The background of the film Billy Elliot was set in the context of the 1984 Miners Strike in England, where both Billys father and older brother were miners participating in the strike. In the history of England, this was an important event for the governing party of England at that time, the Conservative Party led by Margaret Thatcher. The event set a strong political and ideological standing for the United Kingdom (UK) with regards to the ideas accepted by the people today.

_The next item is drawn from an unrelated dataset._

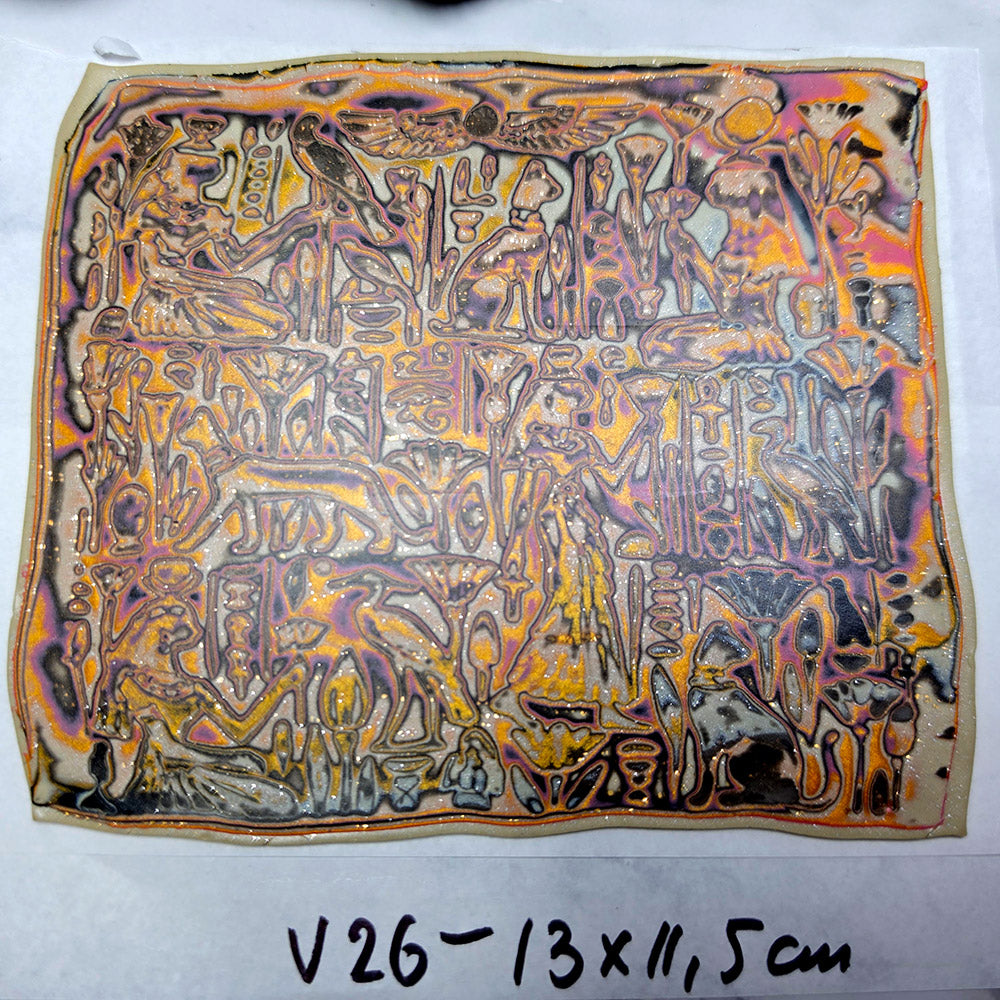 Raw polymer clay veneer sheet, Vintage Botanical Garden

The 1984 Miners Strike was an intense period for the miners, who made up a significant proportion of the working class in England at that time. The reason behind the strike was the intended shutting down of twenty coal mines by the government, which would in turn result in the massive loss of jobs by as many as twenty thousand people. This led to the uproar by the miners in opposition to such a decision. Billy's family was heavily involved in this strike, with his brother Tony as the union leader. Essentially, this was somewhat a symbolism of a class struggle because such a decision affected mainly the working class only in terms of employment. In the film, Mr. Wilkinson, the husband of Billy's ballet teacher, was a figure representing the upper middle class with a rather cynical attitude towards the lower middle class i.e. the miners as well as the strike. Similarly, at the end of Billy's audition and interview together with Billy's father, the panel of judges, a representation of the upper class, offered his father a patronizing and perhaps sarcastic, 'good luck with the strike' (Blandford, 2007). Despite all the heavy-hearted circumstances Billy and his family were going through, the beginning of the film, together with the dancing along the way, was a surprisingly light-hearted scene.

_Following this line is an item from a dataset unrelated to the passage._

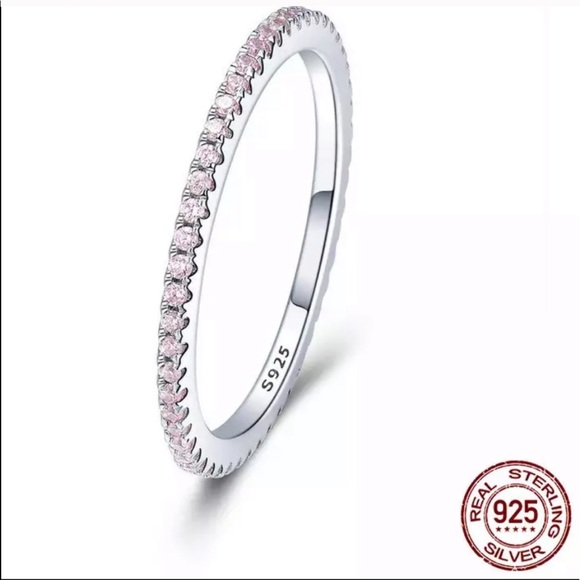 Jewelry - 925 silver pink CZ stackable ring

With upbeat rock music playing, Billy's jumping revealed a certain uncontained and unrestrained soul that seemed free. As the story developed however, the contradiction was the fact that Billy's life, at the age of 11, was hardly so. This somewhat likened to the period after the French Revolution, stepping into the Romantic Ages, where light-hearted, happy and fun ballets, often fairytales, were seen as a form of escapism from the harsh reality of people's lives. In another segment of the film, when Billy's father finds him dancing on Christmas night at the gymnasium with his friend, instead of succumbing to his father's objections, Billy bursts into a powerful segment of dancing, which was strong, uplifted, together with jumps and turns. This was almost like an open confrontation between Billy and his father, except not verbally. That dance segment portrayed a two-sided representation of Billy's emotions, one of frustration, with the circumstances and with not being able to dance freely, and at the same time, one that seemed to help him express what he could not through words, his love for dance. This was shown through his movements which were heavier and more grounded than when he was dancing to 'I love to boogie', his inspiration for the audition piece. Though there were jumps in the sequence, they were executed with a strong intention of frustration and desired release from being bound to his father's expectations of carrying on family traditions as a boxer and objections of being a ballet dancer.

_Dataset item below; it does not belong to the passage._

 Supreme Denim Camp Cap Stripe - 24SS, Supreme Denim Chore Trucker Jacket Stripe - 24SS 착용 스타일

The unwillingness of Billy's father also revealed something intriguing about the situation, in relation to the political climate at that time. The governing party of England at that time was the Conservative Party, led by Margaret Thatcher. The ideology that followed with such a leadership was conservatism. Conservatism is a political and social ideology that promotes the maintenance of traditional institutions as well as to limit change, or at its best, allow minimal and gradual change in society. This ideology could be seen to have set its roots in the lives of the characters in the film. The strike was an obvious resistance to a significant impending change, the closing down of 20 coal mines and causing the massive loss of jobs. This philosophical idea also had its social impacts on the characters in the story. One of the core reasons for the objection of Billy's father to him dancing was the notion that male dancers were 'poofs', or simply put, homosexual. Billy's friend Michael was such a representation, who began showing signs of cross-dressing and homosexuality at a young age. However, the important thing to note was that Michael was not a dancer, placing an immediate call to relook this so-called social phenomenon. This phenomenon, or rather, broad generalization of male dancers, had painted a negative image of males doing this art form and coming back to the ideology of conservatism, Billy's father was simply not ready for a change in mindset about such a phenomenon that had already been etched in his mind.

The influence of Fred Astaire was another aspect that had an impact on the choreography of Billy Elliot's dance segments in the film. Rock was the main genre of music popular at that time but Billy Elliot was influenced more by Fred Astaire, who was popular among Billy's mother and grandmother's generation. Fred Astaire was a broadway dancer and choreographer. Though there were no details about how Billy Elliot knew how to tap dance, in many segments where he was dancing, whether out of frustration, happiness or the desire for freedom, his steps incorporated a certain jazzy and broadway style to it.

The film, Billy Elliot, was put in the context of many issues that would have surrounded someone who lived in a middle class family, even more so if they were miners and involved the 1984 Miners Strike. The governing party of England at that time played an important role in shaping the mindset of people with the ideology of conservatism, the social and cultural influences revealed its impact on Billy Elliot's dancing as a young boy and ultimately, Billy was motivated by a desire for freedom, breaking away from social norms and standing out as an individual. All of these ideas displayed in Billy's behaviour were formed and passed on from predecessors such as Aristotle, who believed in a society open to ideas and disagreements, as well as John Locke, who was an important figure in the history of freedom. It is through the embodiment of such ideas through the characters in the film, including Billy's father, his brother and even his ballet teacher's family, that gives us a glimpse of the life and thoughts of those living during the Miners Strike.